**What is being asked:** Please repeat the lines below exactly. Begin with the line containing "Citi Hotel Gilgit" and go on through the line containing "Sekretariat Presiden) Pemberian".

**Material for this task:**
===

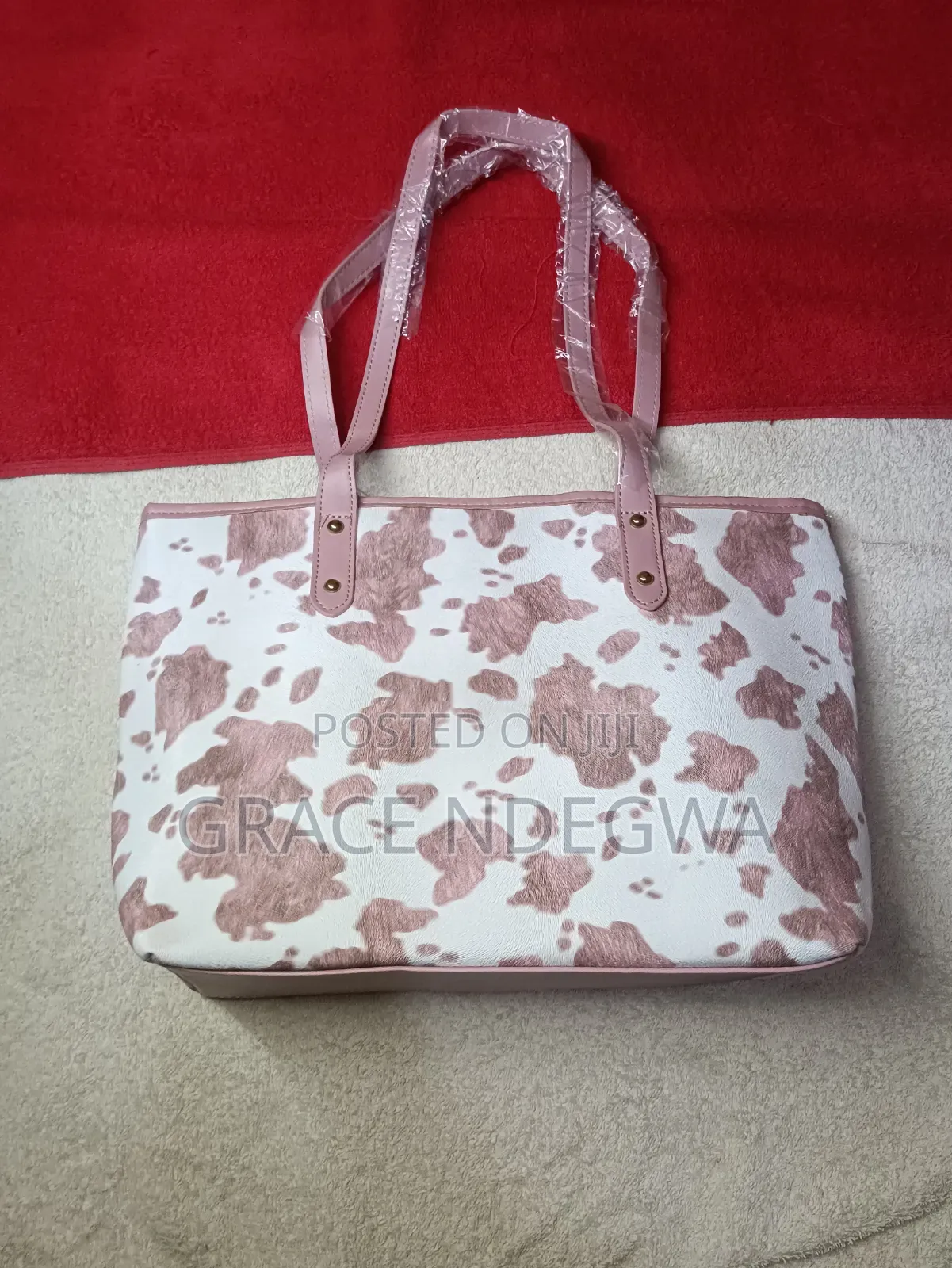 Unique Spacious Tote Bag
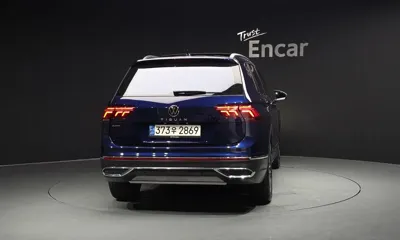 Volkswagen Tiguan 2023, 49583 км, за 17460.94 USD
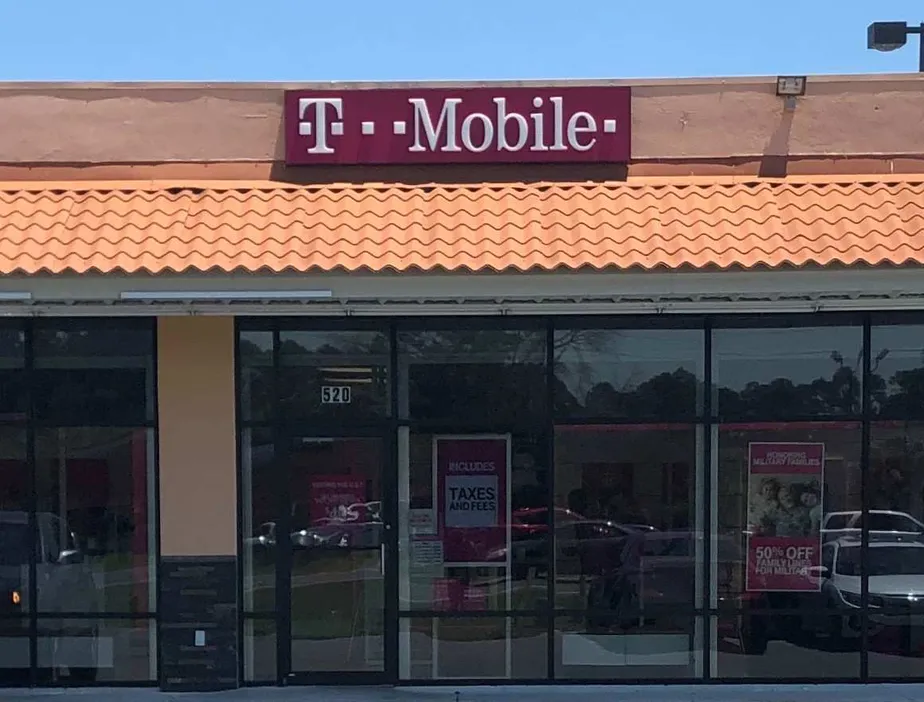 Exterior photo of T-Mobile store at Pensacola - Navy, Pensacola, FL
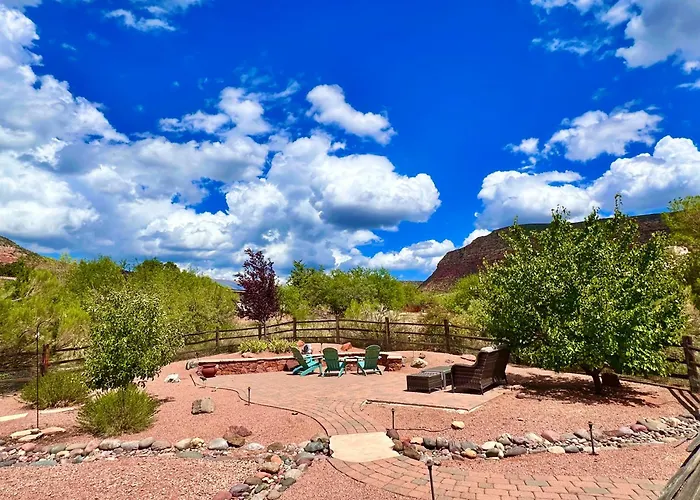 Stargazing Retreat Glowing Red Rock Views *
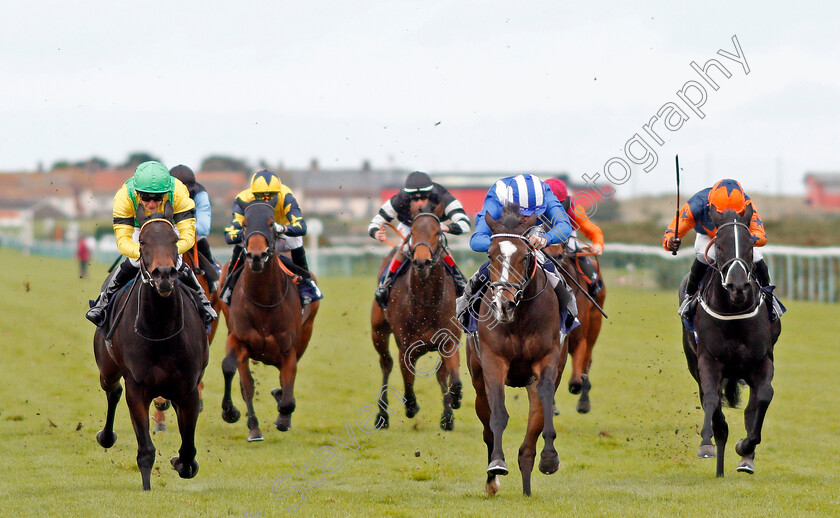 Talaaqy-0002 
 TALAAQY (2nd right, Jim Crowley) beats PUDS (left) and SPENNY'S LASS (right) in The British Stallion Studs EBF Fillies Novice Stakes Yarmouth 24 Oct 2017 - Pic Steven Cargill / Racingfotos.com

===

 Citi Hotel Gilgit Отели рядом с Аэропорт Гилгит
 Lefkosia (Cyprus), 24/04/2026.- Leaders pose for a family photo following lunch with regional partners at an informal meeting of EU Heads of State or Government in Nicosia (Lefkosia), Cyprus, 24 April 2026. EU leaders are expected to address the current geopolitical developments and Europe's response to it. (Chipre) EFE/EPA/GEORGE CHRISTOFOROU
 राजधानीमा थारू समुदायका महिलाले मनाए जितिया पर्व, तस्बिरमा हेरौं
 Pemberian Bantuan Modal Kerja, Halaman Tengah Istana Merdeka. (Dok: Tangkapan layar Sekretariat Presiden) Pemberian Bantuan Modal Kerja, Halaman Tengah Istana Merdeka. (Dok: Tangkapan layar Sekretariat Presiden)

===

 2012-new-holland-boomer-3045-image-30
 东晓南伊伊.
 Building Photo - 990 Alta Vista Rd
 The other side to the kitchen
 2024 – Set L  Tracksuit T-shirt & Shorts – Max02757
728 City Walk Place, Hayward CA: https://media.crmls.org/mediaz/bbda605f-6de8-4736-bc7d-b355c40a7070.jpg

===

**Worked solution:**
 Citi Hotel Gilgit Отели рядом с Аэропорт Гилгит
 Lefkosia (Cyprus), 24/04/2026.- Leaders pose for a family photo following lunch with regional partners at an informal meeting of EU Heads of State or Government in Nicosia (Lefkosia), Cyprus, 24 April 2026. EU leaders are expected to address the current geopolitical developments and Europe's response to it. (Chipre) EFE/EPA/GEORGE CHRISTOFOROU
 राजधानीमा थारू समुदायका महिलाले मनाए जितिया पर्व, तस्बिरमा हेरौं
 Pemberian Bantuan Modal Kerja, Halaman Tengah Istana Merdeka. (Dok: Tangkapan layar Sekretariat Presiden) Pemberian Bantuan Modal Kerja, Halaman Tengah Istana Merdeka. (Dok: Tangkapan layar Sekretariat Presiden)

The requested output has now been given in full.